MiPad runs on Windows CE and is linked to an NT Server. An MSR continuous-speech-recognition (CSR) engine boasting a 64,000-word vocabulary powers the device. Another engine interprets language inputs from the CSR engine and maps them into meaningful actions that MiPad understands.

Users
“train”
MiPad to recognize their speech by speaking into the built-in microphone. Huang dictated the MiPad
“readme”
file into the microphone to train the device to recognize his voice. Now, when he asks his MiPad for someone’s address, the device displays it immediately — despite his rapid-fire, accented elocution.

MiPad is the first demonstration application designed to showcase MSR’s Dr. Who
“tap and talk”
interface and engine technologies. The name is a nod to the hero of a British science-fiction television show who travels through space and time to battle evil and injustice.

Speech is a natural, efficient method of interacting with a computer, but simply layering it onto an existing product doesn’t do it justice, says Microsoft program manager Derek Jacoby. Because MiPad is currently based on a client-server model and is a research project, MSR researchers are free to experiment with the interaction model without being bound by excessive hardware or product constraints. “Our goal is to make interacting with the computer as natural and easy as interacting with a person — at least within the limited subject domain of email and calendar tasks,” Jacoby says.

“I can imagine that one day I will be able to use speech to access the vast information on the Internet while connected and also use it to manage my personal information while off-line,”
says Peter Mau, the developer lead on the project.

MiPad is architecture for both the client-server and standalone models.”
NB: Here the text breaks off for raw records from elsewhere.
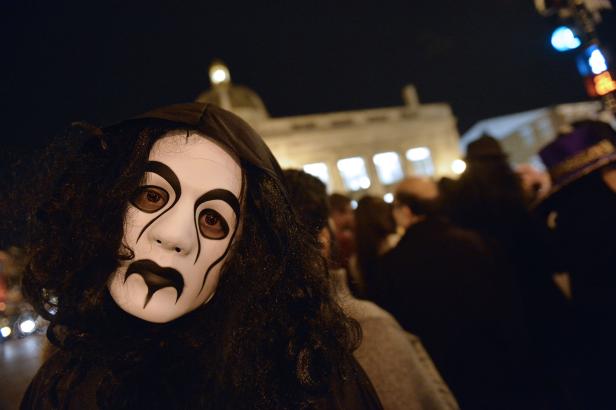 Eine Person mit einer gruseligen Maske und dunkler Kapuze steht im Dunkeln.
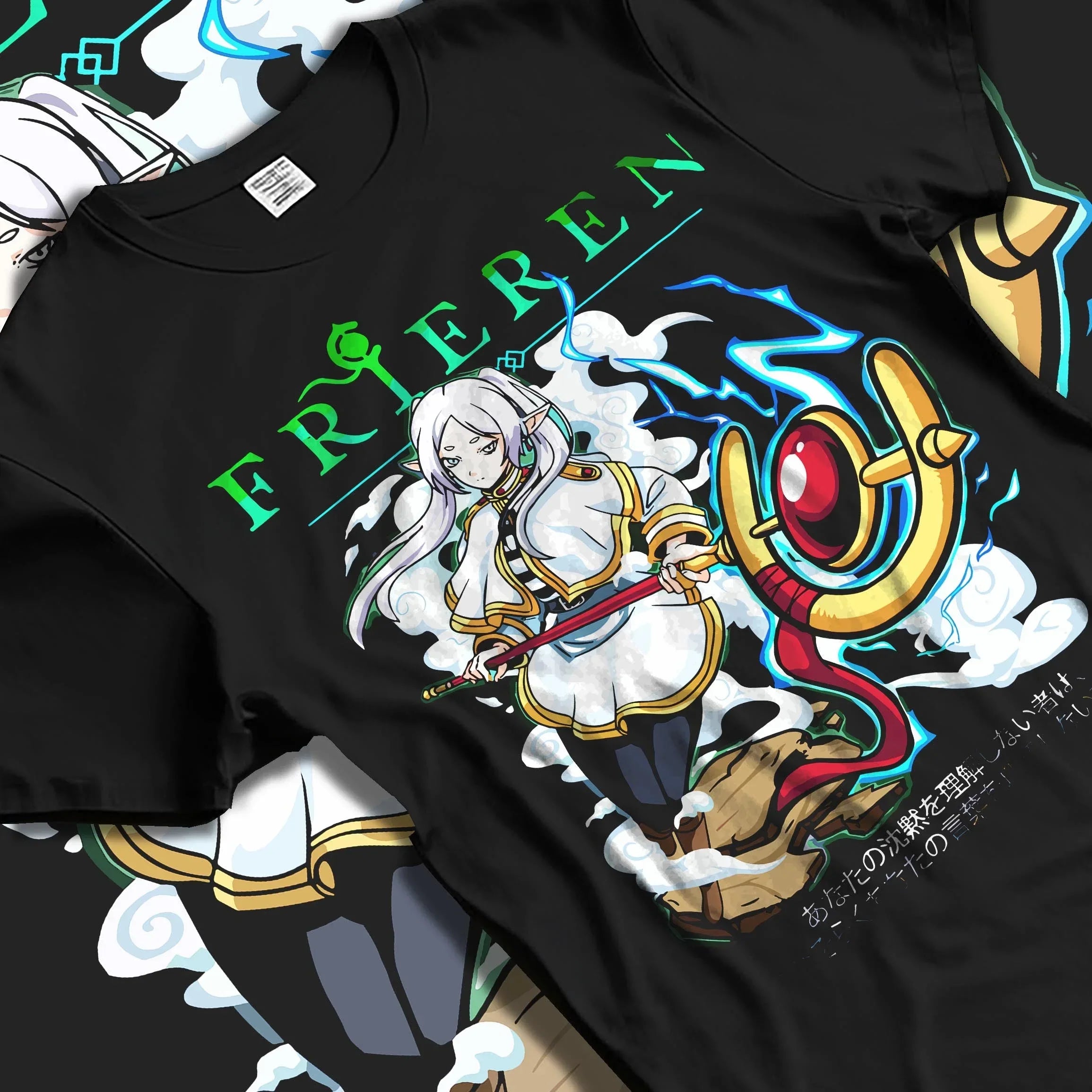 Black T-shirt laid flat featuring Frieren: Beyond Journey’s End anime graphic of Frieren with staff, magical aura, and bold fantasy text.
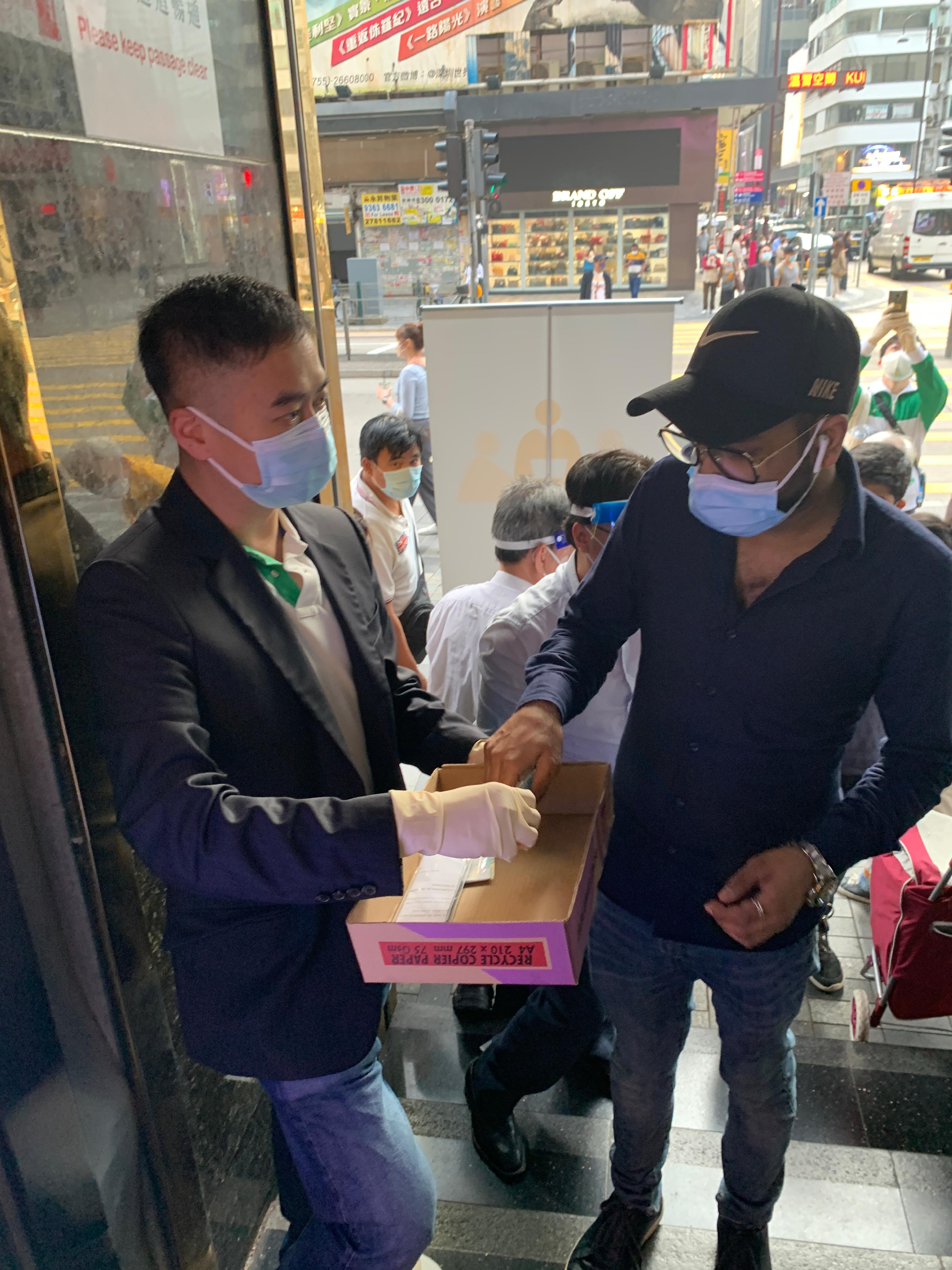 Over the past few days, the Yau Tsim Mong District Office has been distributing rapid test kits to residents of buildings in Yau Tsim Mong District where more ethnic minorities reside. Photo shows the District Officer (Yau Tsim Mong), Mr Edward Yu (left), distributing rapid test kits to residents of Chungking Mansions on March 5.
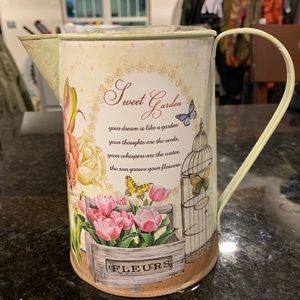 Decorative watering can.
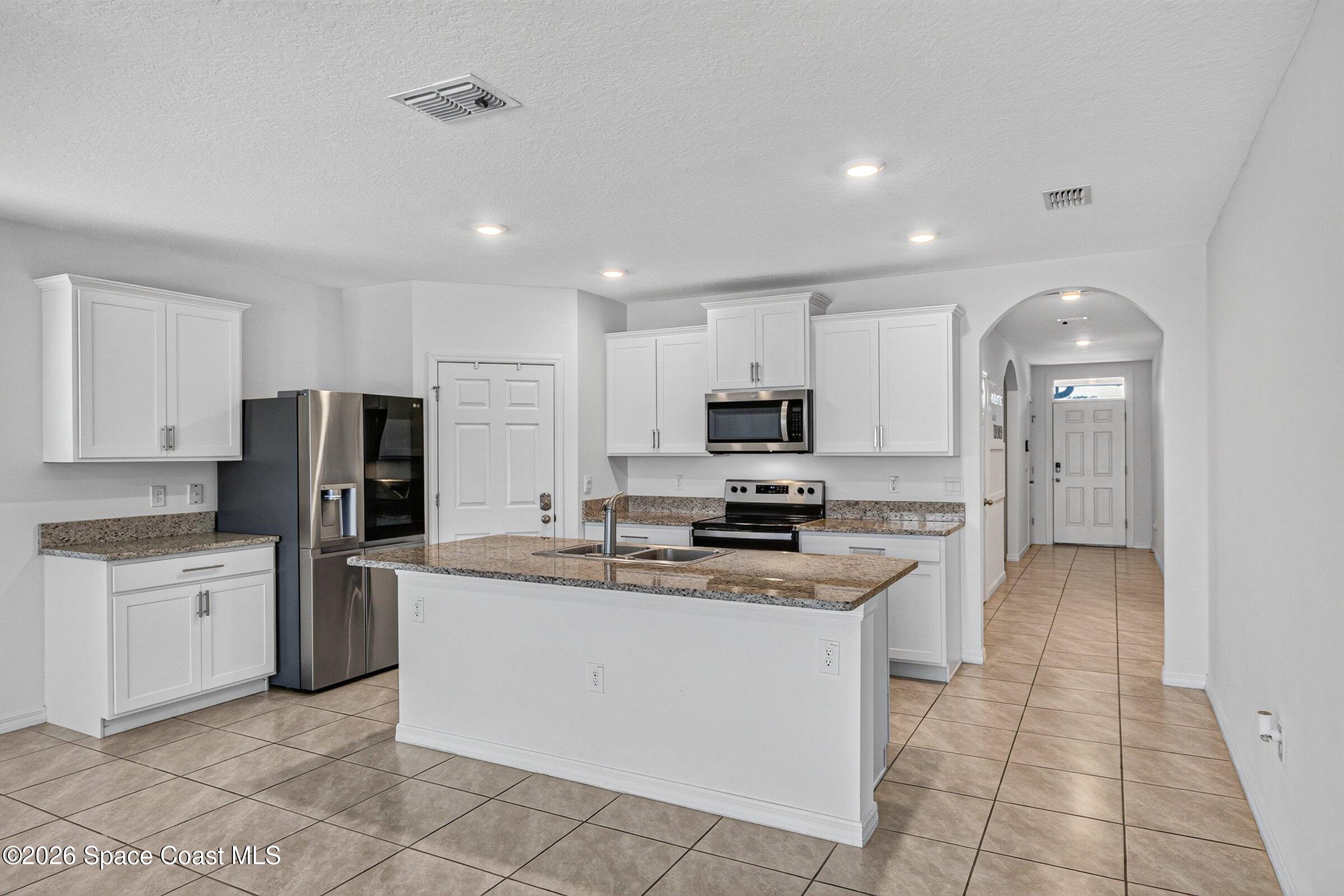 3419 Foggy Mist Road Southeast Palm Bay, FL 32909 - Photo 3 of 39 Kitchen
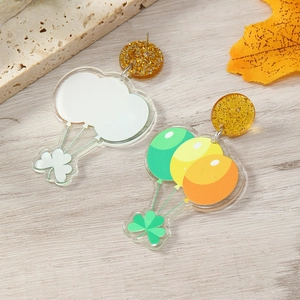 Detail of St. Patrick's Day acrylic earrings with shamrock charms on wood texture background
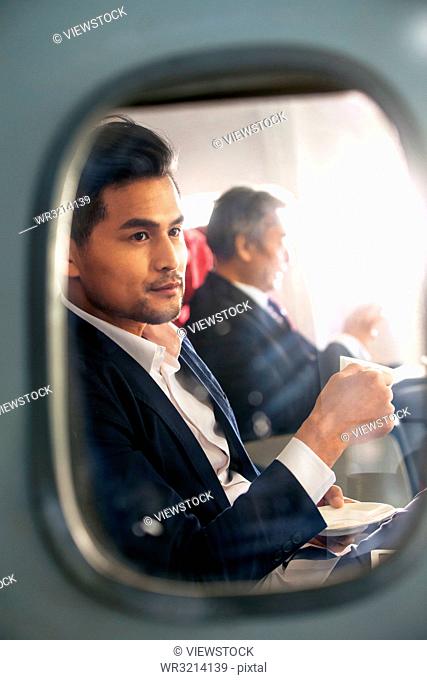 Business people by plane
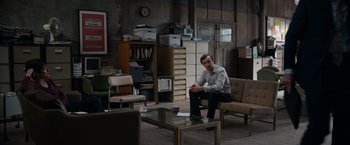 Movie still from “Official Secrets” (2019), directed by Gavin Hood – A man sitting on a couch in a room with papers on the floor; Wide shot, High angle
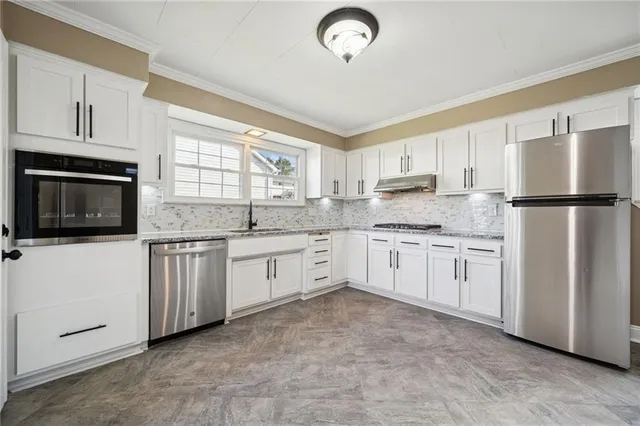 a kitchen with white cabinets and white appliances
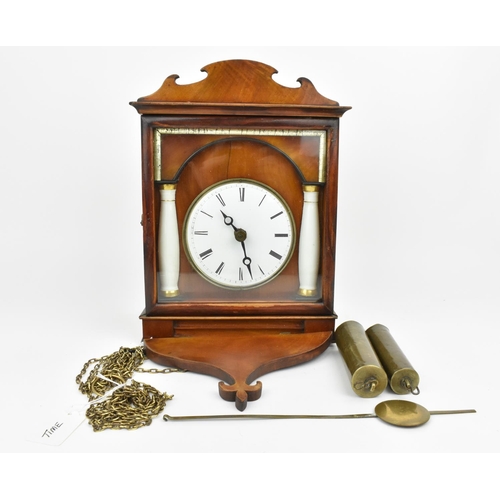 63 - A 19th century German seven day postman's alarm chain driven striking pendulum wall clock.  The case... 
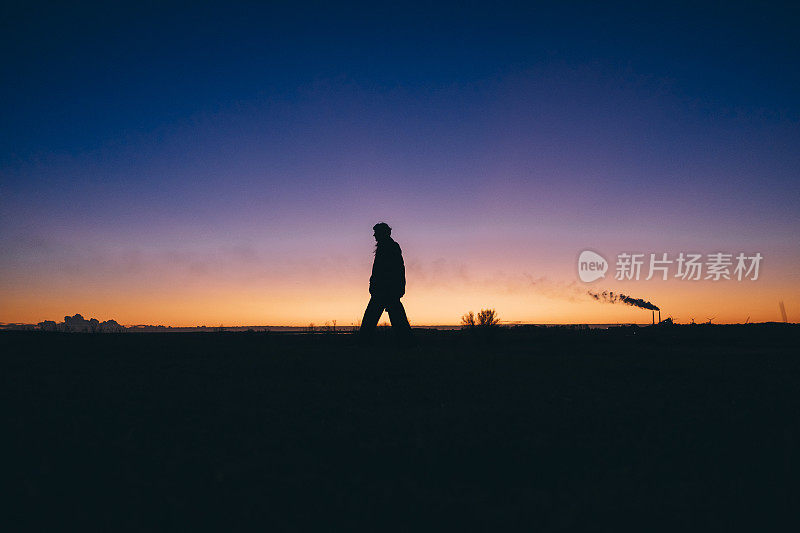 一名女子在傍晚散步，背景是煤和石油发电厂排放的废气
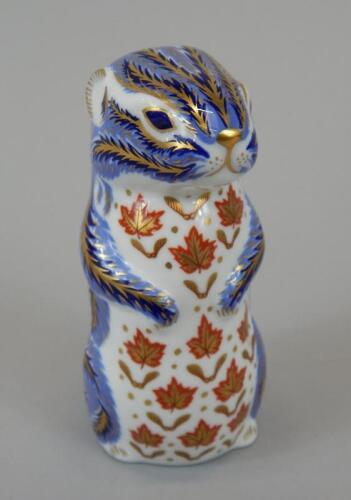 A Royal Crown Derby otter paperweight.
Ease-of-use is another significant factor in the vision of the MiPad project. Senior researcher Alex Acero says he and his fellow researchers are heavily considering consumer wants and needs. “Results from our internal tests show that users of MiPad do not like wearing headset microphones,” Acero says. “On the other hand, a microphone located on the MiPad device captures a lot more background noise, which results in significantly lower recognition accuracy. Thus, we’re working to improve the robustness of the ‘recognizer’ in such noisy conditions.”

Huang says the MiPad prototype will be the launch pad from which other, similar products will be introduced.
“The mission of Dr. Who is to develop a new, compelling interaction model,”
he says.
“By developing MiPad, we are working to perfect a model that we can generalize and extend for many other home and office uses. That mission is very important and strategic for Microsoft.”

The key goal, Huang notes, is familiar: enable people to access information any time, any place, on any device. He believes that speech technologies will help the company fulfill this mission and expand its business into the home and to mobile markets.

Huang explains that incorporating speech into portable wireless devices, such as the MiPad prototype, was initially inspired by the vision of MSR Vice President Rick Rashid. Although Huang says it might be awhile before MiPad and similar Microsoft products become available, he sees benefits beyond commercial release.

“I would love to see MiPad technology turned into a product,” Huang says. “But we’re not just selling it as a device. We’re selling it as a vision for Microsoft and the industry.”